Bug 2632 – Setting length on invalid arrays causes assertion failure with a debug runtime
Status
RESOLVED
Resolution
INVALID
Severity
major
Priority
P2
Component
dlang.org
Product
D
Version
D1 (retired)
Platform
All
OS
All
Creation time
2009-01-29T11:11:00Z
Last change time
2014-03-01T00:36:17Z
Keywords
spec
Assigned to
nobody
Creator
matti.niemenmaa+dbugzilla
Comments
Comment #0 by matti.niemenmaa+dbugzilla — 2009-01-29T11:11:48Z
Both of the below test cases work unless compiled against a debug runtime.
Test case 1:
void main() {
int[] a = (cast(int*)null)[0..1];
a.length = 1;
assert (a.length == 1);
assert (a[0] == 0);
}
Test case 2:
union Union {
int i;
ubyte[] a;
}
void main() {
Union u;
u.i = 10;
u.a.length = 1;
assert (u.a.length == 1);
assert (u.a[0] == 1);
}
The problematic assertion is assert(!p.length || p.data). It occurs in three functions:
- _d_delarray
- _d_arraysetlengthT
- _d_arraysetlengthiT
The second one of the above is triggered by the given test cases. It'd be easy to come up with ones that trigger the other two as well.
This behaviour doesn't seem to be specified, so I'm not completely sure whether this should be fixed or not. I have two arguments in favour of removing the assertions:
1. They're only sanity checks: they don't actually matter for behaviour. Code which trips the asserts on a debug runtime runs fine on a release runtime. Nothing actually expects the assertions to succeed.
2. Code which relies on such behaviour actually exists: test case 2 was reduced from tango.text.Regex.
In Phobos, the functions are in phobos/internal/gc/gc.d; in Tango, they can be found in tango/lib/compiler/{dmd,gdc}/lifetime.d; in LDC, they're in runtime/internal/lifetime.d. This issue affects all of them.
Comment #1 by matti.niemenmaa+dbugzilla — 2009-02-08T10:33:28Z
I'm moving this to www.digitalmars.com and adding the 'spec' keyword since it seems that there's absolutely nothing written down about this possibility. I believe this needs to be clarified. If the answer indicates that Phobos should change, I'll file a separate bug for that.
The basic issue is, what operations, if any, are allowed on dynamic arrays which are in an invalid state, i.e. have a nonzero length but a null pointer? (I suppose the converse—nonnull pointer but zero length—is fine.) "Implementation defined" is a fine answer as long as it's actually specified.

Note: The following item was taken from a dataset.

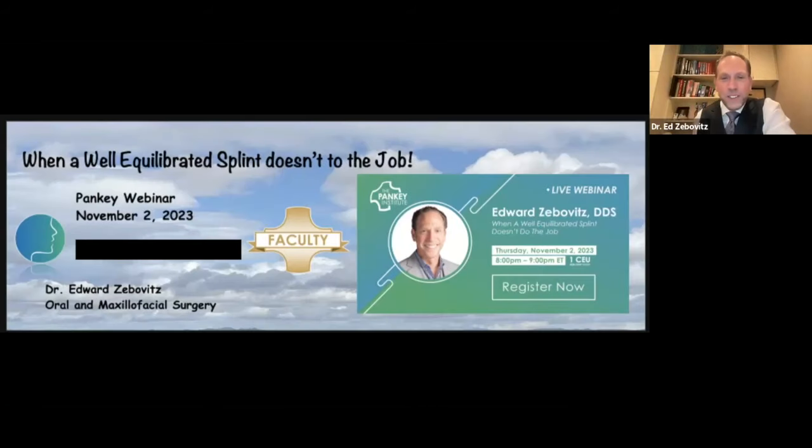Good evening, everyone. Thank you so much for joining in this evening, taking your time away from your families. I'm hopefully going to make this something that will be kind of interesting — as we say, where the rubber meets the road, or what we can use first thing Monday morning.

Associative arrays don't have this problem since their ABI says that they're just a pointer to an implementation defined type.
Comment #2 by bugzilla — 2012-01-22T22:11:06Z
I think both cases are clearly undefined behavior. The first uses a cast to bypass checks in order to create an array of elements that don't exist, the second uses a union to achieve the same.
I don't think the spec needs to be changed to reflect that using unions to manipulate things under the hood, and using forcible casts, mean you're on your own.